Many algorithms have been developed to estimate probability distributions subject to differential privacy (DP): such an algorithm takes as input independent samples from a distribution and estimates the density function in a way that is insensitive to any one sample. A recent line of work, initiated by Raskhodnikova et al. (Neurips '21), explores a weaker objective: a differentially private algorithm that approximates a single sample from the distribution. Raskhodnikova et al. studied the sample complexity of DP \emph{single-sampling} i.e., the minimum number of samples needed to perform this task. They showed that the sample complexity of DP single-sampling is less than the sample complexity of DP learning for certain distribution classes. We define two variants of \emph{multi-sampling}, where the goal is to privately approximate $m>1$ samples. This better models the realistic scenario where synthetic data is needed for exploratory data analysis. A baseline solution to \emph{multi-sampling} is to invoke a single-sampling algorithm $m$ times on independently drawn datasets of samples. When the data comes from a finite domain, we improve over the baseline by a factor of $m$ in the sample complexity. When the data comes from a Gaussian, Ghazi et al. (Neurips '23) show that \emph{single-sampling} can be performed under approximate differential privacy; we show it is possible to \emph{single- and multi-sample Gaussians with known covariance subject to pure DP}. Our solution uses a variant of the Laplace mechanism that is of independent interest. We also give sample complexity lower bounds, one for strong multi-sampling of finite distributions and another for weak multi-sampling of bounded-covariance Gaussians.

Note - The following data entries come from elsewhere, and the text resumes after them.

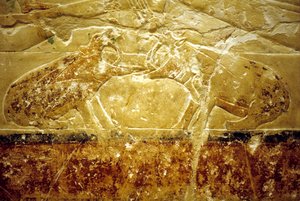 Starověký Egypt, Nástěnná malba, Mastaba/Tomb of Idout, Sakkára, 6. dynastie, Dva bojující hroši (foto) od School Egyptian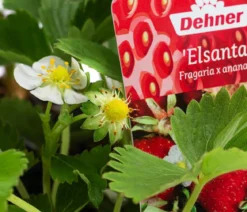 Erdbeere 'Elsanta', 8er-Schale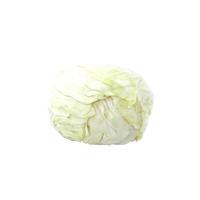 Gambar KOL PUTIH SEGAR 1200-1300 GRAM dari Hypermart Cianjur undefined 1 Tokopedia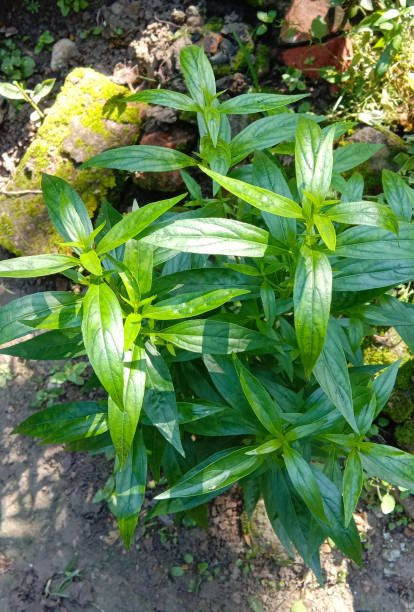 Kalmegh plant. Kalmegh herb is used as a medicinal plan in India. Kalmegh is a herbal medicinal plant found in India. Green leaves are used to control blood sugar,helps to get rid of worms in intestine. Kalmegh hurb is also used for ayurvedic treatment. Its leaves taste bitter. This plant helps to prevent illness in human body. planta de kalmegh. la hierba de kalmegh se utiliza como un plan medicinal en la india. kalmegh es una planta medicinal a base de hierbas que se encuentra en la india. las hojas verdes se utilizan para controlar el azúcar en la sangre, ayuda a deshacerse d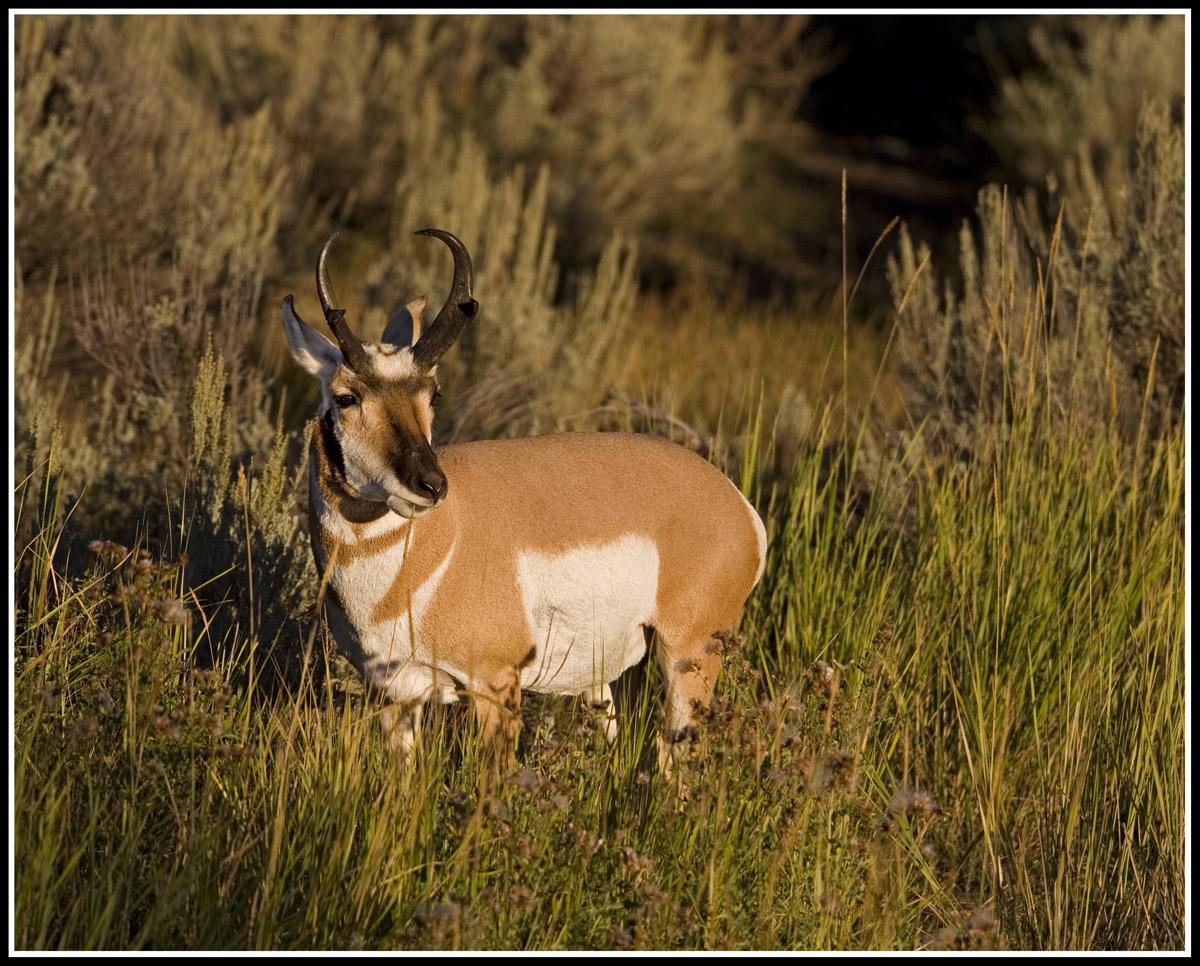 Lamar Valley Pronghorn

翻译：许多算法已被开发用于在差分隐私（DP）约束下估计概率分布：此类算法以从分布中独立抽取的样本作为输入，并以对任何单个样本不敏感的方式估计密度函数。由Raskhodnikova等人（NeurIPS '21）开创的最新研究方向探索了一个更弱的目标：一种能够近似生成分布中单个样本的差分隐私算法。Raskhodnikova等人研究了DP单采样的样本复杂度，即完成此任务所需的最小样本数。他们证明，对于某些分布类别，DP单采样的样本复杂度低于DP学习的样本复杂度。我们定义了多采样的两种变体，其目标是隐私地近似生成$m>1$个样本。这更好地模拟了探索性数据分析需要合成数据的现实场景。多采样的基线解决方案是在独立抽取的样本数据集上调用$m$次单采样算法。当数据来自有限域时，我们在样本复杂度上比基线改进$m$倍。当数据来自高斯分布时，Ghazi等人（NeurIPS '23）表明可以在近似差分隐私下执行单采样；我们证明了在纯DP约束下对已知协方差的高斯分布进行单采样和多采样是可行的。我们的解决方案使用了一种具有独立研究价值的拉普拉斯机制变体。我们还给出了样本复杂度下界，一个针对有限分布的强多采样，另一个针对有界协方差高斯分布的弱多采样。